Some alternative and complementary therapies interact dangerously with certain medications. Talk to your doctor before beginning any new treatment regimen

Care Guide

If you are caring for a loved one with psoriatic arthritis, consider the following:

  • Listen with open ears. Often the best trait in a caregiver is a willingness to listen. Be sure to take time to talk with your loved one about their feelings and concerns, and do your best to facilitate open communication.
  • Be flexible. Psoriatic arthritis may impose new limits on your loved one’s energy levels or mobility. To accommodate this, you may have to make modifications to the activities you previously enjoyed together, or find new things to enjoy. Do your best to remain flexible in habits old and new.
  • Read up on Psoriatic Arthritis, including its causes and treatments. This will make you an informed companion at doctors’ visits and will help you and your loved one to make the right decisions throughout the treatment process.
  • Minimize stress where you can for both you and your loved one. Stress can worsen the severity of psoriatic arthritis symptoms and lessen your capacity for caregiving.

When To Contact A Doctor

Mild joint pain can be a normal part of aging. However, if your joint pain becomes disruptive to daily life or is accompanied by skin rashes, itching, or flaking, you should contact your doctor and ask about psoriatic arthritis.

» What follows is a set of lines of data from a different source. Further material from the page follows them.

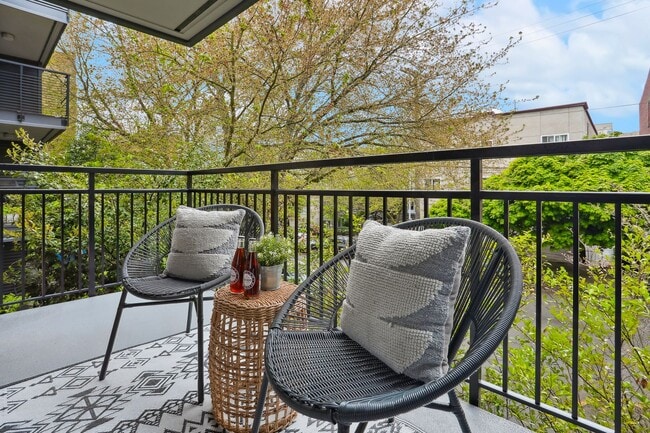 Photo - 1bd/1ba Seattle Condo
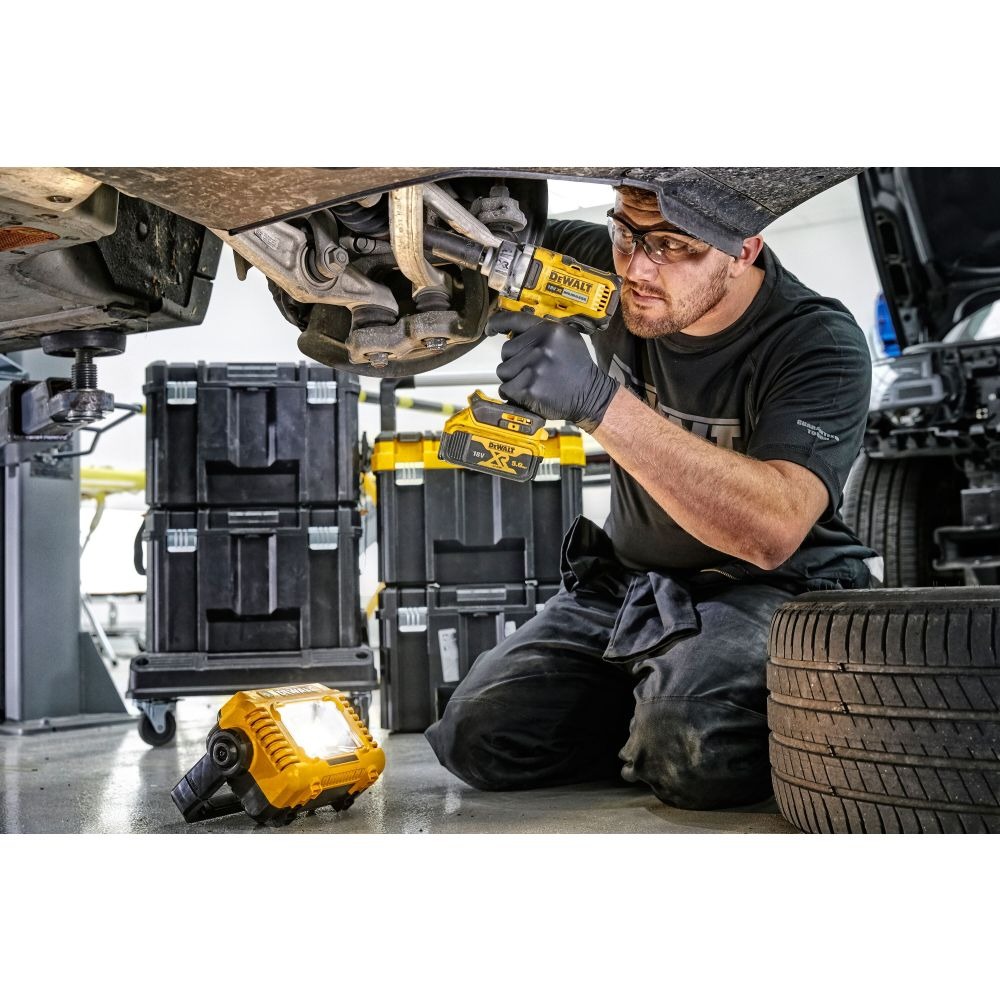 Фенер 12V / 18V 2000lm (Само тяло), DeWalt DCL077-XJ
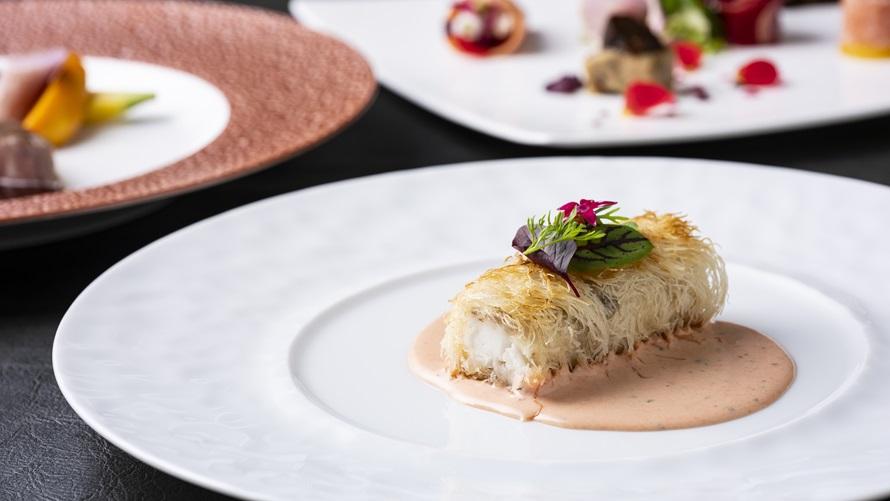 カダイフを纏った鮮魚のフリット 薄紅色のソースベアルネーズ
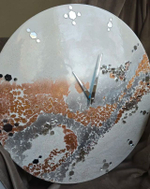 Интерьерные часы ручной работы подарочные из смолы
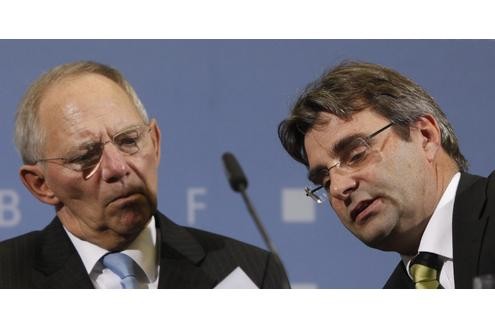 Ein Eklat handelte Schäuble erneute Kritik ein: Am 4. November 2010 kritisierte und verspottete er seinen Sprecher Michael Offer bei einer Pressekonferenz, weil dieser einen Pressetext nicht vorab an die anwesenden Journalisten verteilt hatte. Offer trat daraufhin zurück.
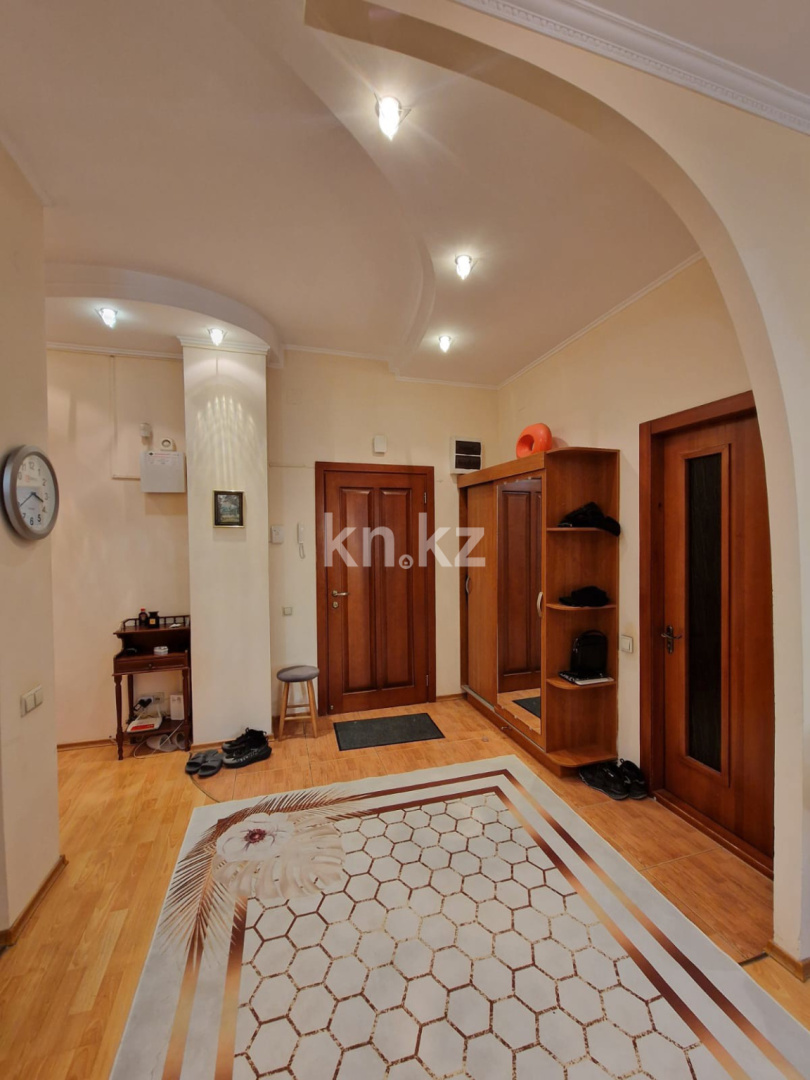 Продажа 2-комнатной квартиры, 80 м² в Алматы - фото 4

If you are currently undergoing treatment for psoriatic arthritis and experience any of the following, contact your doctor:

  • Fever
  • Nausea
  • Changes in appetite
  • Irregular heartbeat**
  • Excessive sweating
  • Worsening pain or swelling
  • Discoloration of the skin around the affected joints

** This may be a sign of a heart attack in combination with shortness of breath, chest pain, and numbness. Call 911 immediately

Questions For Your Doctor

To find a doctor near you, visit www.healthgrades.com.

To find an arthritis specialist, visit The American College of Rheumatology

To find a dermatologist, visit The American Academy of Dermatology

Questions For A Doctor

You may want to ask your doctor the following questions:

  • How severe is my psoriatic arthritis?
  • Which joints are affected?
  • What type of psoriatic arthritis do I have?
  • Am I likely to develop other health conditions related to my psoriatic arthritis?
  • What are the available treatment methods?
  • Are there complimentary treatment methods available?
  • Is my condition likely to progress?
  • Will I experience limitations to my physical mobility?